In [1]:
import os

In [2]:
%pwd

'd:\\Projects\\Stock_Price_Prediction_Project\\research'

In [3]:
os.chdir("../")

In [4]:
%pwd

'd:\\Projects\\Stock_Price_Prediction_Project'

In [20]:
from dataclasses import dataclass
from pathlib import Path

@dataclass(frozen=True)
class DataIngestionConfig:
    root_dir: Path
    itickers: list
    ptickers: list
    istart_date: str
    iend_date: str
    pstart_date: str
    pend_date: str
    internationalStocks_local_data_dir: Path
    pakistanStocks_local_data_dir: Path

In [21]:
from smPredictor.constants import *
from smPredictor.utils.common import read_yaml, create_directories

In [22]:
class ConfigurationManager:
    def __init__(
        self,
        config_filepath=CONFIG_FILE_PATH,
        params_filepath=PARAMS_FILE_PATH
    ):
        self.config = read_yaml(config_filepath)
        self.params = read_yaml(params_filepath)

        create_directories([self.config.artifacts_root])

    def get_data_ingestion_config(self) -> DataIngestionConfig:
        config = self.config.data_ingestion

        create_directories([config.root_dir])

        # Ensure tickers is a list
        if not isinstance(config.itickers, list):
            raise ValueError("Pakistani Tickers should be a list in the configuration file.")
        if not isinstance(config.ptickers, list):
            raise ValueError("Pakistani Tickers should be a list in the configuration file.")

        data_ingestion_config = DataIngestionConfig(
            root_dir=config.root_dir,
            itickers=config.itickers,
            ptickers=config.ptickers,
            istart_date=config.istart_date,
            iend_date=config.iend_date,
            pstart_date=config.pstart_date,
            pend_date=config.pend_date,
            internationalStocks_local_data_dir=config.internationalStocks_local_data_dir,
            pakistanStocks_local_data_dir=config.pakistanStocks_local_data_dir
        )
        
        return data_ingestion_config


In [23]:
import os
import yfinance as yf
from pandas_datareader.data import DataReader
from pandas_datareader import data as pdr
from datetime import datetime, date
from smPredictor import logger
from psx import stocks

In [26]:
class DataIngestion:
    def __init__(self, config: DataIngestionConfig):
        self.config = config
        
    def get_data(self):
        os.makedirs(self.config.internationalStocks_local_data_dir, exist_ok=True)
        os.makedirs(self.config.pakistanStocks_local_data_dir, exist_ok=True)
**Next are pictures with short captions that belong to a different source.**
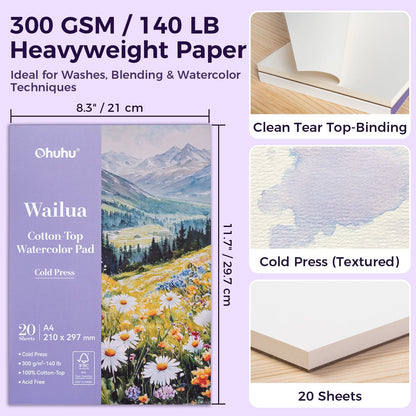 Wailua Cotton-Top Watercolor Pad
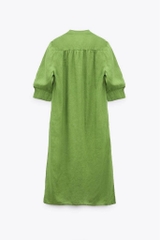 Đầm Midi Zara Linen Fom Suông Xẻ Tà Bigsize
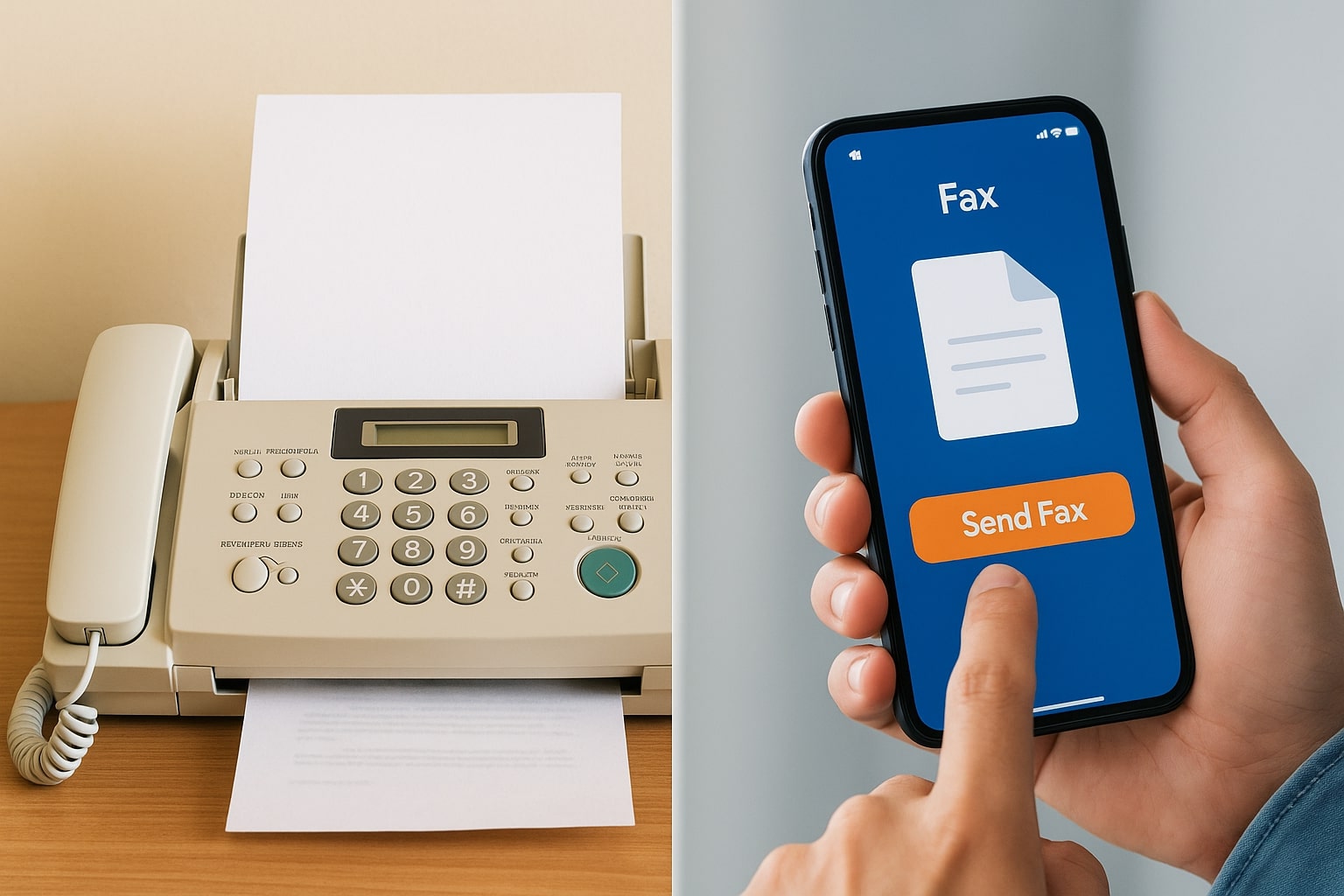 Side-by-side image comparing an outdated fax machine with a modern smartphone displaying a “Send Fax” button, illustrating the shift from traditional to mobile faxing.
        itickers = self.config.itickers
        ptickers = self.config.ptickers
        
        # Validate tickers to ensure they are lists
        if not isinstance(itickers, list):
            raise ValueError("International Tickers should be a list.")
        if not isinstance(ptickers, list):
            raise ValueError("Pakistan Tickers should be a list.")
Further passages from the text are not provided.